2. Description of the Background Art
Optical amplification can be performed in the C-band (1,530 to 1,565 nm) and the L-band (1,570 to 1,600 nm) by using an erbium-doped optical fiber amplifier (EDFA). On the other hand, optical amplification in other wavelength bands is also required as the broad-band use of optical communication systems increases. In recent years, researchers and engineers have been developing a technique for optically amplifying a signal lightwave in the S-band (1,460 to 1,510 nm) by using a thulium-doped optical fiber amplifier (TDFA).
In the TDFA, however, the host glass is required to be a low-phonon-energy glass such as fluoride glass. This requirement renders the TDFA insufficient in reliability. (To date, there have been no occasions where fluoride glass is commercially used.) In addition, the TDFA can only achieve the gain in a range up to 1,510 nm or so. This upper limit produces a wavelength-range width of about 20 nm, in which the gain cannot be achieved, between the optical-amplification bands covered by the conventional EDFA and the TDFA. In other words, the low-loss wavelength range of the optical fiber cannot be sufficiently utilized. Furthermore, the TDFA has an extremely complicated dynamic behavior, so that it requires a control system different from that for the EDFA.
On the other hand, another method has been proposed in which the optical amplification is performed in a wavelength range of 1,490 to 1,520 nm or so by increasing the population inversion of a silica-based Al-codoped erbium-doped optical fiber (EDF).

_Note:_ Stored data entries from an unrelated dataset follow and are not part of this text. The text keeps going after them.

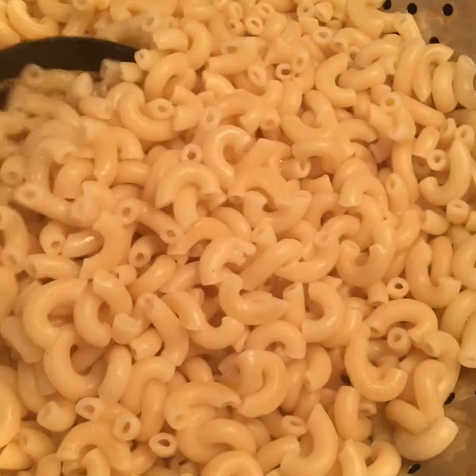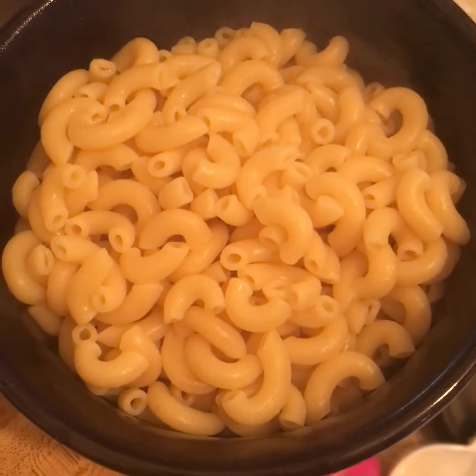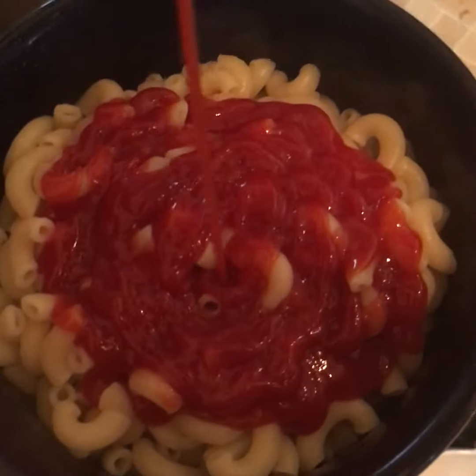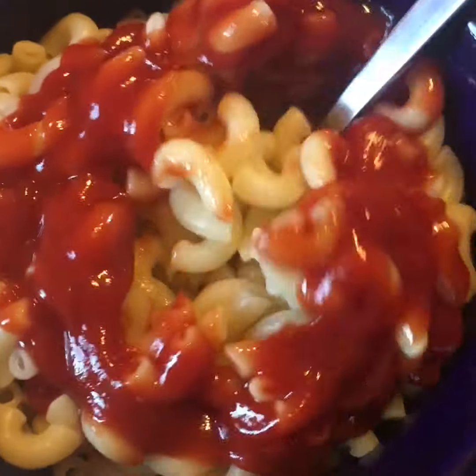So now we just have plain macaroni — stick it in the bowl. And then, are you ready for this? Add ketchup. Just plain old whatever ketchup you got. Stir it up and then enjoy.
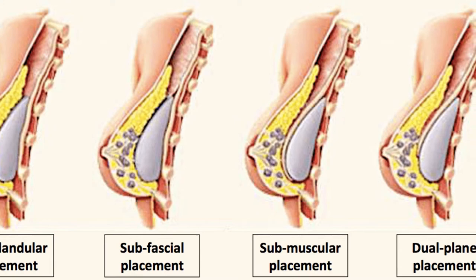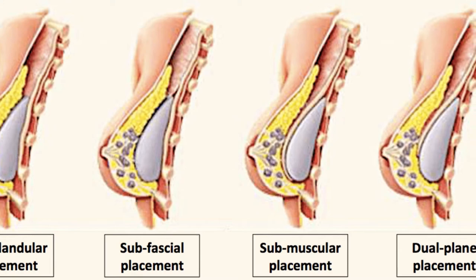Next is sub-fascial, where the implant is above the muscle and behind the breast. And then lastly, the dual plane, where the implant sits partially behind the breast and partially behind the muscle, and the breast is slightly released from the muscle to allow expansion of the lower part of the breast. Most commonly, I prefer some type of dual plane technique because it allows me to adjust the position of the muscle relative to the breast and the breast tissue, permitting better control of implant position.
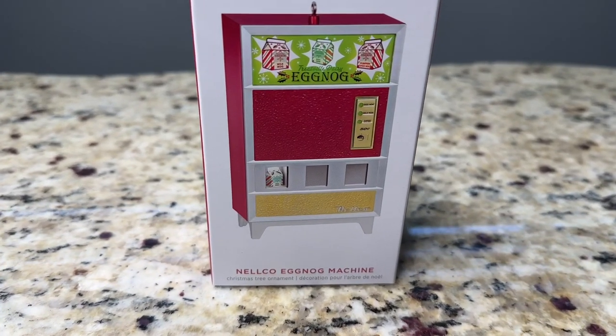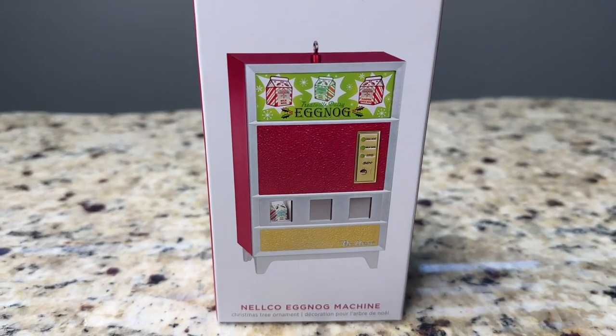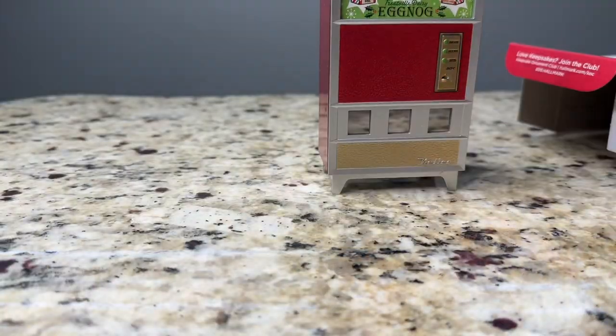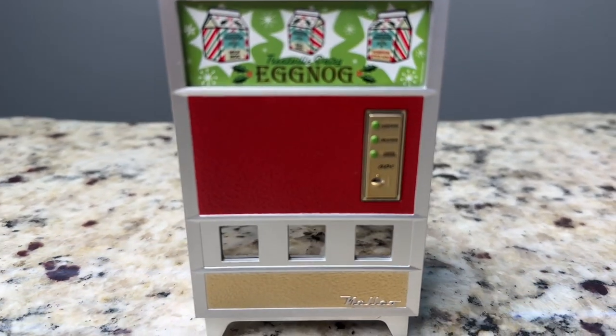This is an unboxing and demo of the Hallmark Keepsake 2023 Nelco Eggnog Machine Magic Light and Sound Ornament. This ornament does require the Hallmark Keepsake Power Cord, which is not included, but you can buy it separately.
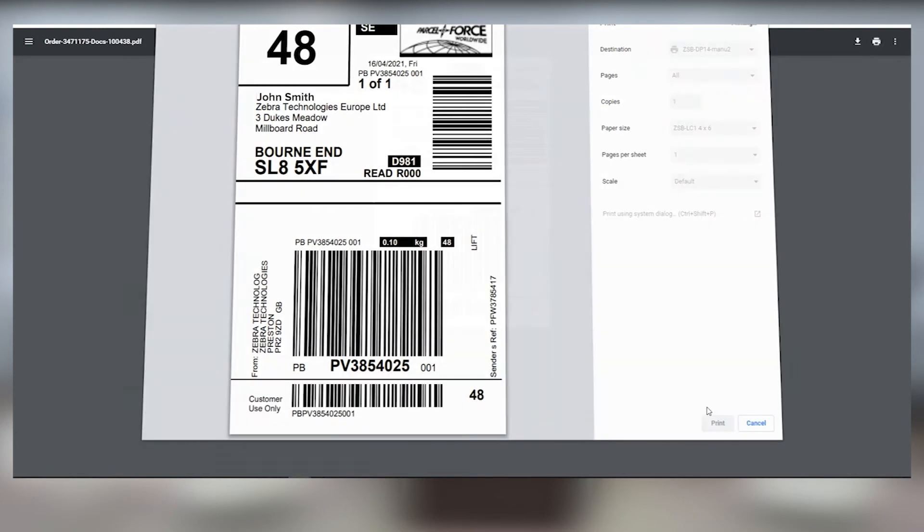It's that easy. For more information on printing labels from other applications, check us out day or night at ZSBSeries.com/support. And as always, design with ease, print with confidence. Only with the ZSB Series.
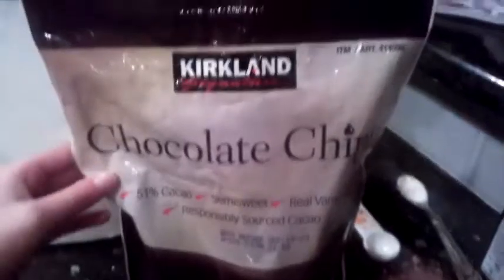This is totally optional, but if you want, you can add one cup of chocolate chips. If you want more of a gooey kind of taste and more chocolatey taste, then I would recommend chocolate chips.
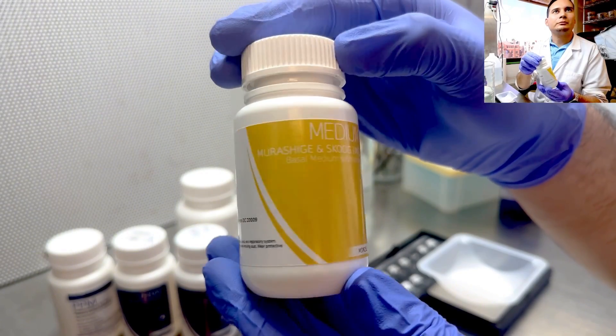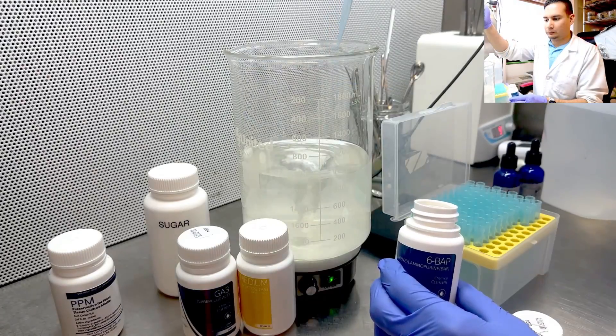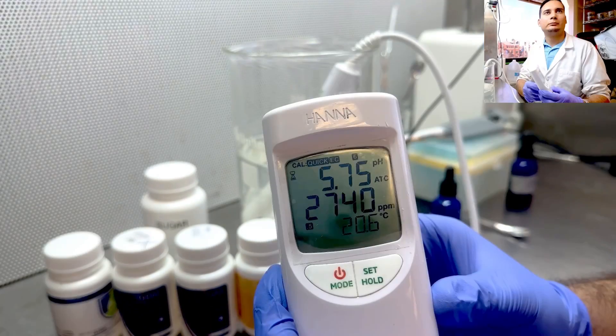Making tissue culture media. Let's start with the basics: making the media. You can buy pre-made powder from Plant Cell Technology. Simply mix it with water, add sugar, hormones, and PPM, then adjust the pH between 5.6 and 5.8. This is crucial because the right pH helps your plants grow properly and is your foundation for growing plants in tissue culture.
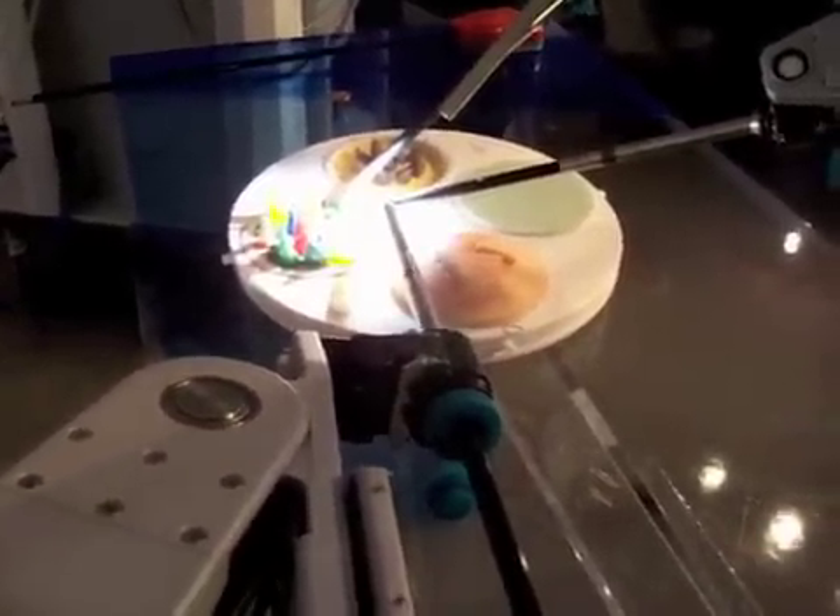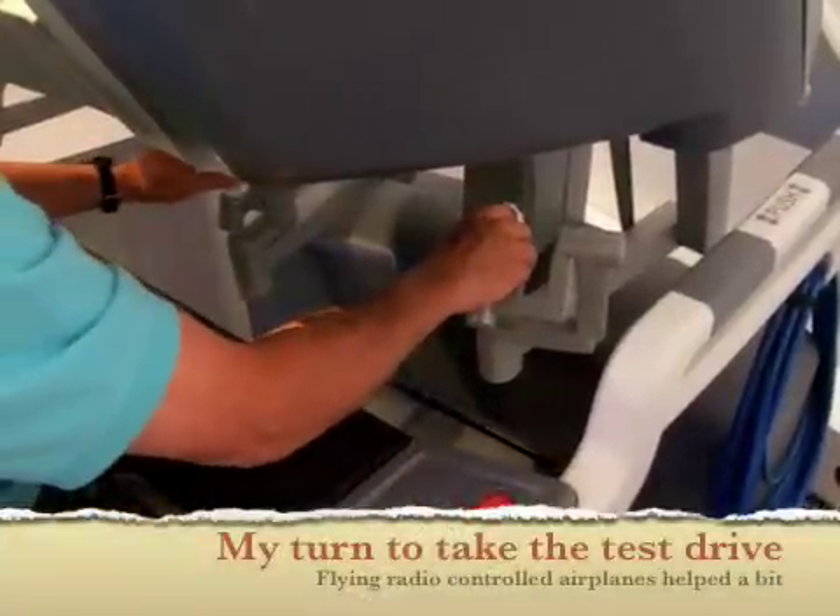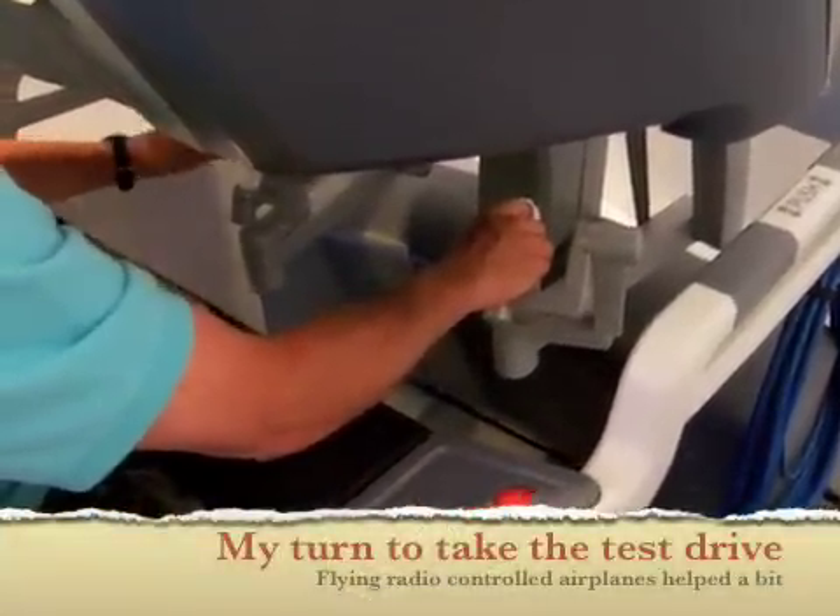And the system is actually intelligent — it knows if you're trying to cheat. All right, here we go. This should be like flying airplanes.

This method is described in the published Japanese patent application Tokukai 2001-313433 and a literature entitled “Novel 1500 nm-band EDFA with discrete Raman amplifier” (E. Ishikawa et al., ECOC 2001, Postdeadline papers, pp. 48–49).
However, the EDFA incorporating a silica-based Al-codoped EDF has a strong tendency to increase the gain with increasing wavelength in a wavelength range of 1,490 to 1,520 nm or so. When this EDFA is used alone, even when an optical filter is used to equalize the gain, the relative gain variation is as high as 56%. Consequently, the gain having a small wavelength dependency cannot be achieved. As a result, a Raman amplifier must be incorporated. However, a Raman amplifier has the following drawbacks, for example. (a) It has a lower pumping efficiency than that of a rare-earth-doped optical amplifier. (b) It requires a fiber length as long as several kilometers, so that it becomes large. (c) It may deteriorate the transmission quality due to a nonlinear phenomenon and a double Rayleigh scattering in the optical fiber.